TASK MATERIAL:
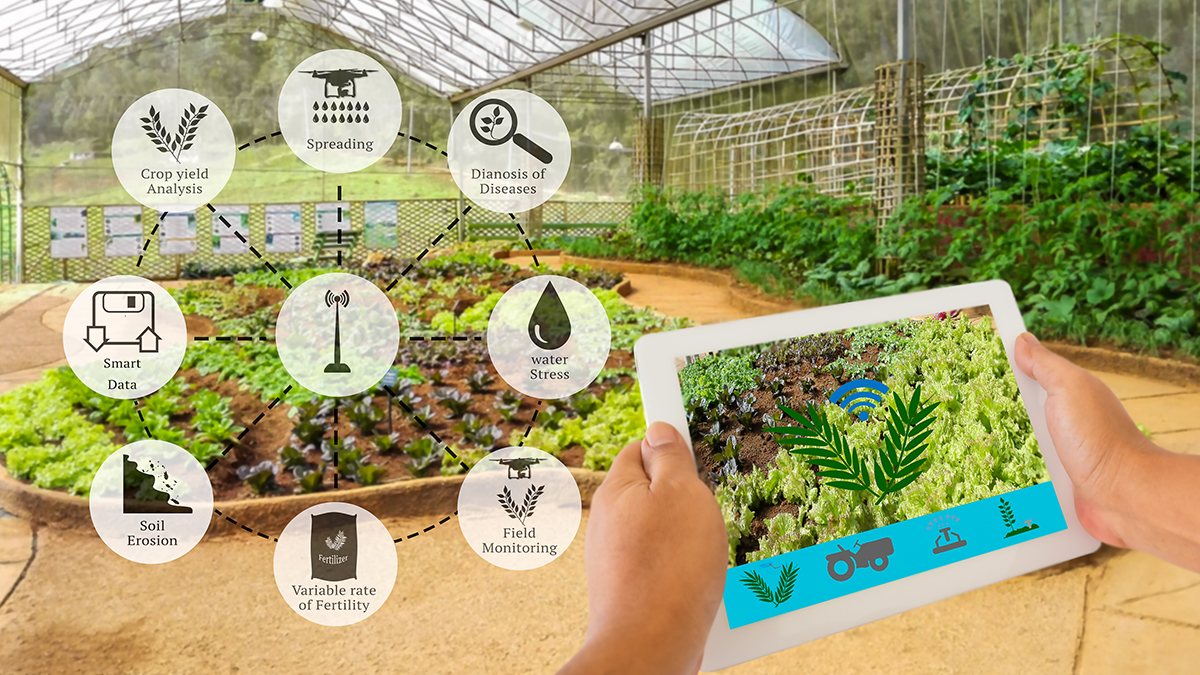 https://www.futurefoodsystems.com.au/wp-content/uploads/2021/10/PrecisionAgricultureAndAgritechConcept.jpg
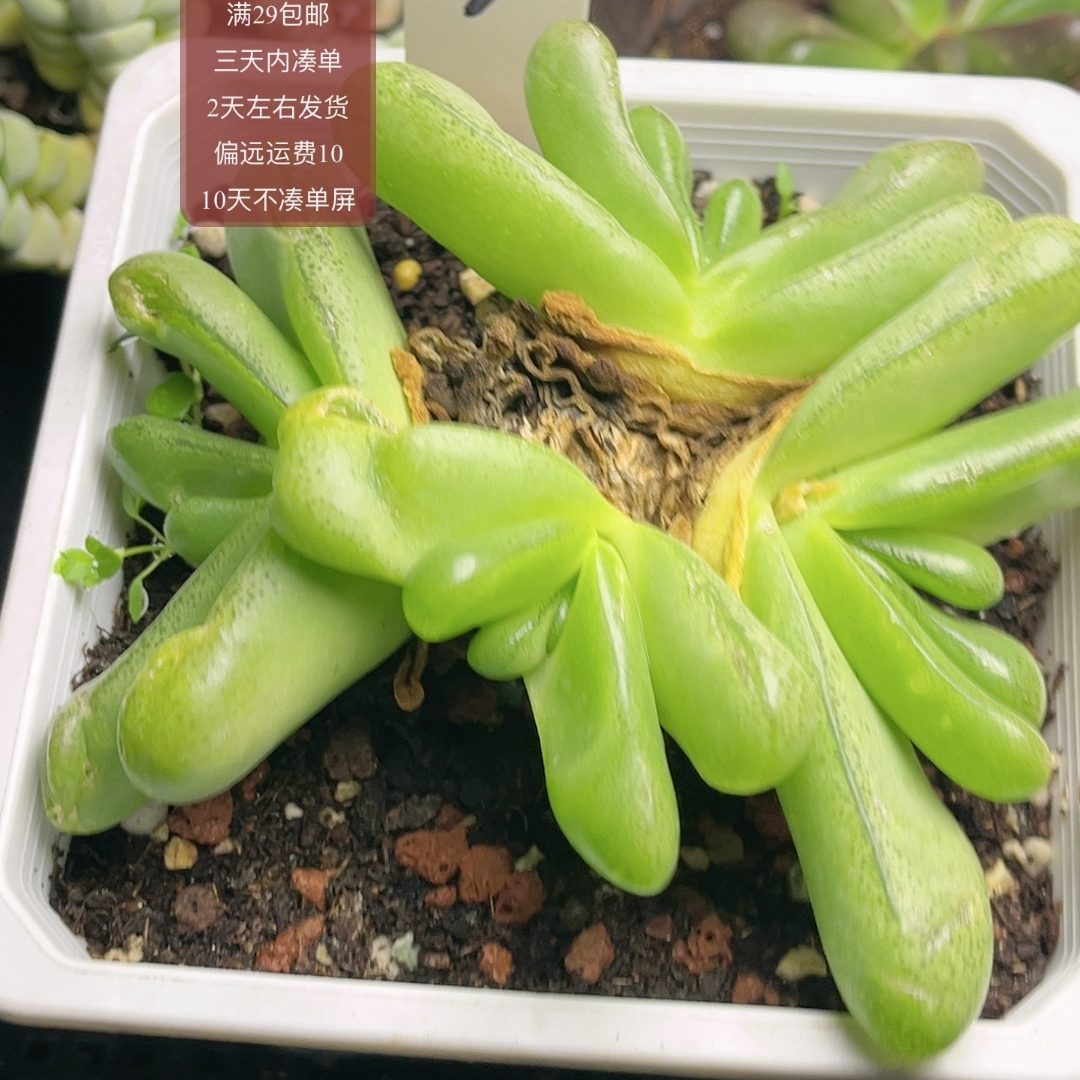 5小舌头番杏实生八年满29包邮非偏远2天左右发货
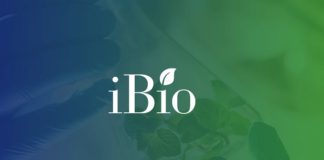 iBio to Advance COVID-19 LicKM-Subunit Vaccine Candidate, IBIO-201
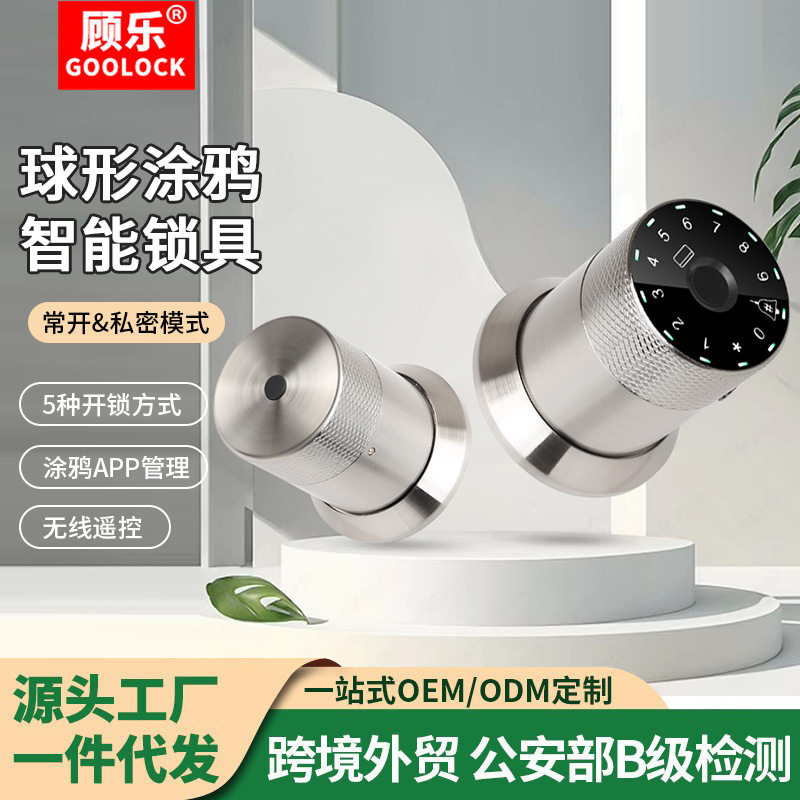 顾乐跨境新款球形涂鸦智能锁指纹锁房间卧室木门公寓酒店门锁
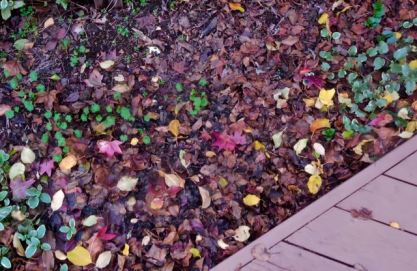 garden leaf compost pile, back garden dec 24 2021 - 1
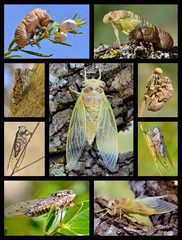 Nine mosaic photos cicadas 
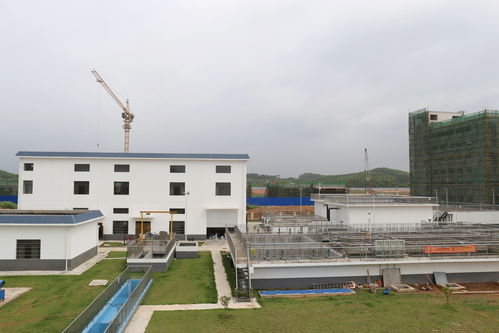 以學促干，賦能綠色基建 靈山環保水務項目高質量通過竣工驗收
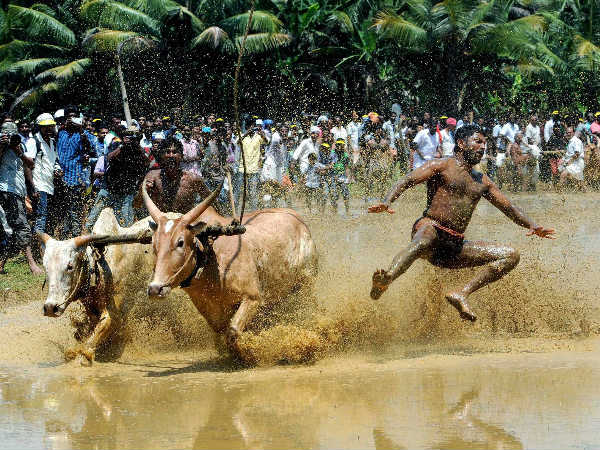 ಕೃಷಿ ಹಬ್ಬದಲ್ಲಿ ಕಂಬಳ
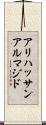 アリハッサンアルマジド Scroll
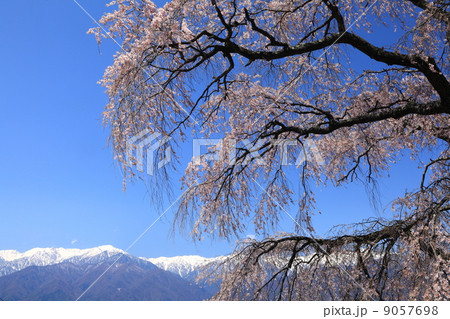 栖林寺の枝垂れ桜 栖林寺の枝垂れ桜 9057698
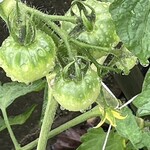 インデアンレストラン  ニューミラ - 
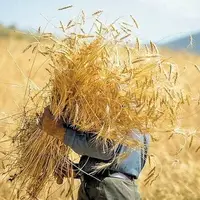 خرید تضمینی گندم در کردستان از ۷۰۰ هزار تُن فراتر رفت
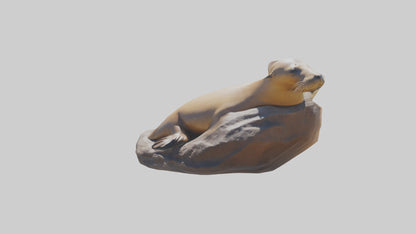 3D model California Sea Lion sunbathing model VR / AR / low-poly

WORK INSTRUCTION: Return the entries above in full and unchanged, omitting every image.

PROBLEM SOLUTION:
 https://www.futurefoodsystems.com.au/wp-content/uploads/2021/10/PrecisionAgricultureAndAgritechConcept.jpg
 5小舌头番杏实生八年满29包邮非偏远2天左右发货
 iBio to Advance COVID-19 LicKM-Subunit Vaccine Candidate, IBIO-201
 顾乐跨境新款球形涂鸦智能锁指纹锁房间卧室木门公寓酒店门锁
 garden leaf compost pile, back garden dec 24 2021 - 1
 Nine mosaic photos cicadas 
 以學促干，賦能綠色基建 靈山環保水務項目高質量通過竣工驗收
 ಕೃಷಿ ಹಬ್ಬದಲ್ಲಿ ಕಂಬಳ
 アリハッサンアルマジド Scroll
 栖林寺の枝垂れ桜 栖林寺の枝垂れ桜 9057698
 インデアンレストラン  ニューミラ - 
 خرید تضمینی گندم در کردستان از ۷۰۰ هزار تُن فراتر رفت
 3D model California Sea Lion sunbathing model VR / AR / low-poly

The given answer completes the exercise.